Las estatuas que representan a Cristóbal Colón de ninguna manera han permanecido ajenas a esta vorágine de rectitud política y en todo el continente muchos grupos representantes de los pueblos originarios exigieron su derribo.

Decía más arriba que una estatua es en realidad toda una manifestación ideológica que obliga a quien pasa a mirarlo, a sentir su presencia, a hacerlo recordar las razones por las que ahí se encuentra. Todo los que circulan a sus pies, están obligados a reconocer su existencia, le guste o no.

Es por esto que creo que hay justas razones para retirar el monumento del navegante genovés. Para muchos el supuesto descubrimiento de América no representa un motivo de fiesta sino de luto debido a las nefastas consecuencias que tuvo ese proceso histórico.

Muchos argumentarán que Colón, para bien o para mal, representa una parte de nuestra historia, al igual que las estatuas de los defensores de la esclavitud lo son para los que viven en el sur de Estados Unidos.
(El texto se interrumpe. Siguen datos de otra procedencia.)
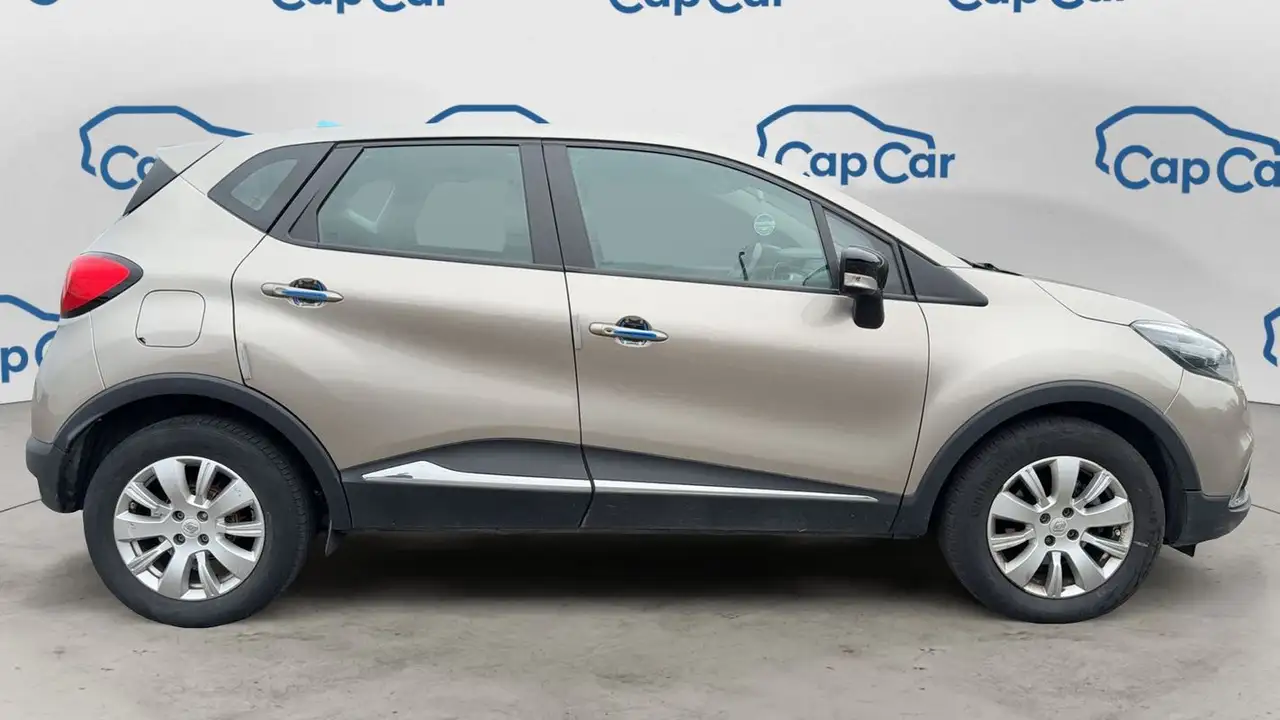 Renault Captur — photo 4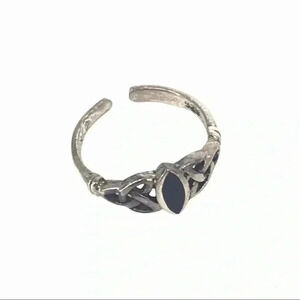 VICTORIAN GOTHIC INSPIRED MOODY TWISTED TRINITY DARK ACADEMIA TOE RING SIZE XS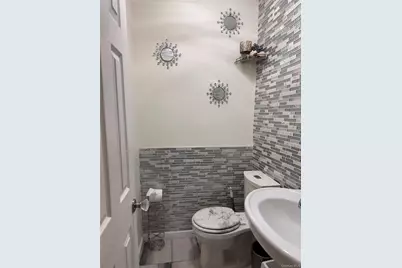 21924 Alecia Avenue, Springfield Gardens, NY 11413 - Photo 3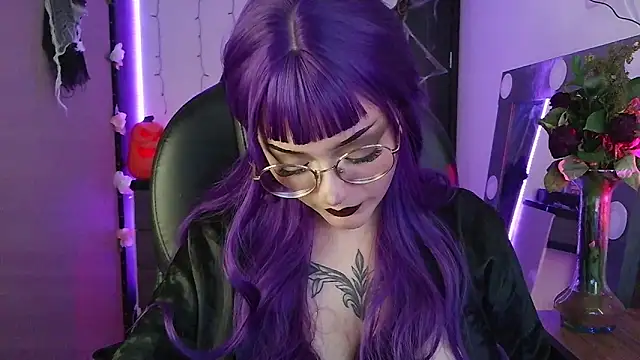 Snapshot of LesRose chatting on 10/22/25, 04:40 LesRose online show from 10/22/25, 04:40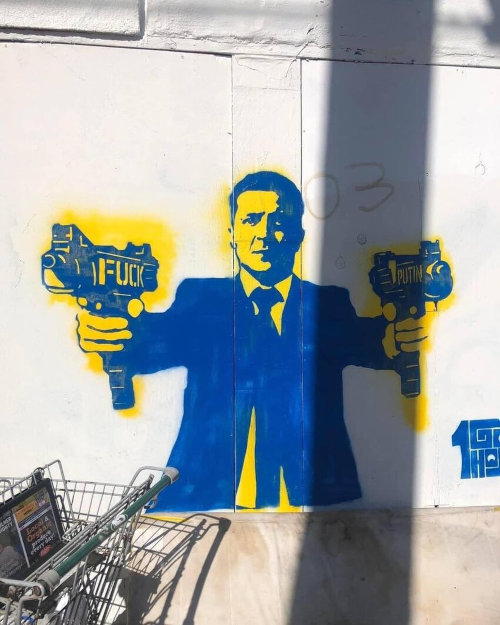 graffiti showing Zelenskyy with machine guns graffiti showing Zelenskyy with machine guns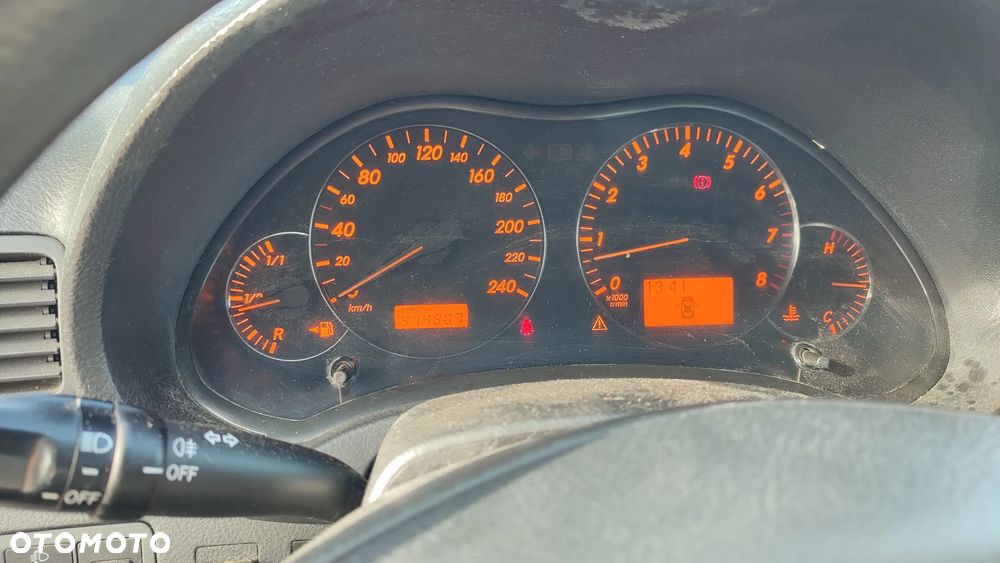 Toyota Avensis 1.8 VVT-i Luna - 12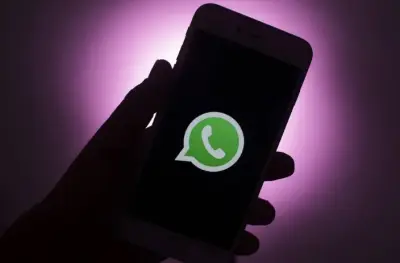WhatsApp bloqueia contas em massa; usuários relatam falhas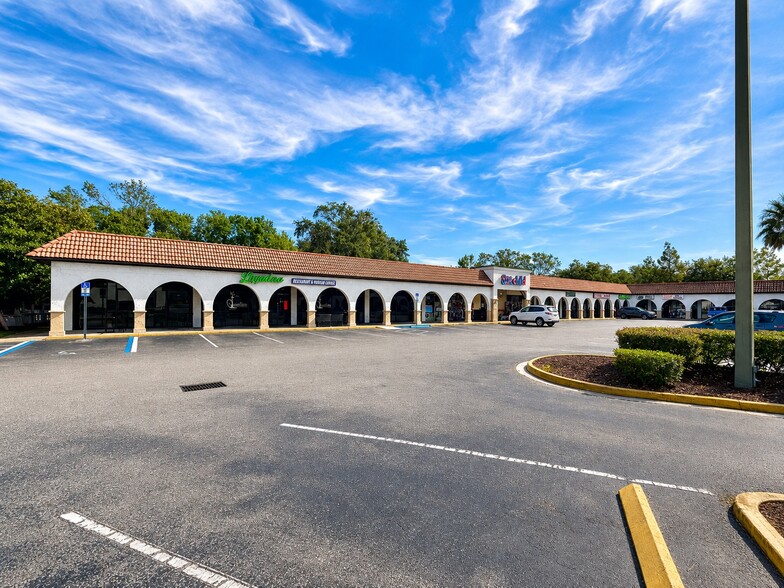 9735 Saint Augustine Rd, Jacksonville, FL for lease - Building Photo - Image 2 of 4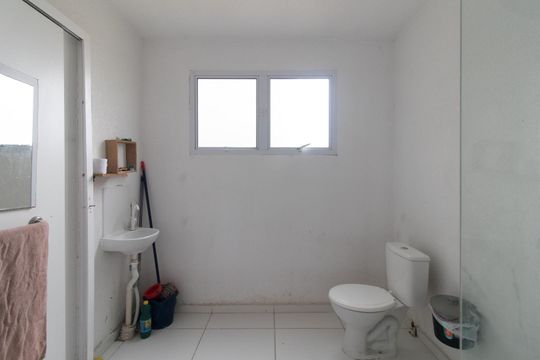Banheiro de apartamento para alugar com 2 quartos, 40m² em Restinga, Porto Alegre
Aquí la cuestión no es tanto si Colón es parte de nuestra historia, la pregunta es, ¿queremos que el recordatorio de un hecho, que para algunos fue infame, permanezca erecto en medio de una de las avenidas más representativas de nuestra ciudad?

Me gustó mucho una solución que ya se está aplicando en algunas partes: en Estados Unidos los monumentos de los secesionistas están siendo trasladados a museos especializados, quizá el lugar ideal para colocar la historia (sea buena o sea mala).

Alemania también se vio inundada por cientos de estatuas y monumentos durante los dos períodos más oscuros de su historia. Para evitar controversia y a la vez mantener una memoria histórica de estos hechos, se creó un museo especializado en la Ciudadela de Spandau, donde se exhiben las piezas que fueron removidas de las calles de Berlín.

Estos son lugares que no son plazas públicas, en los que no se fuerza a nadie a aceptar su presencia, lugares a los que sólo acceden quienes quieren repasar y contemplar la historia, un recinto cerrado y discreto dedicado a ello de forma exclusiva.

Sí, en lo personal pienso que es tiempo de dejar de imponer la presencia de Cristóbal Colón en el Paseo de la Reforma.

¿Qué poner en su lugar?

Lo ideal sería buscar, por medio de un consenso entre nuestra sociedad, algo que verdaderamente nos represente a todos para que así ocupe ese lugar de honor en medio de una de las avenidas más importantes de nuestra capital.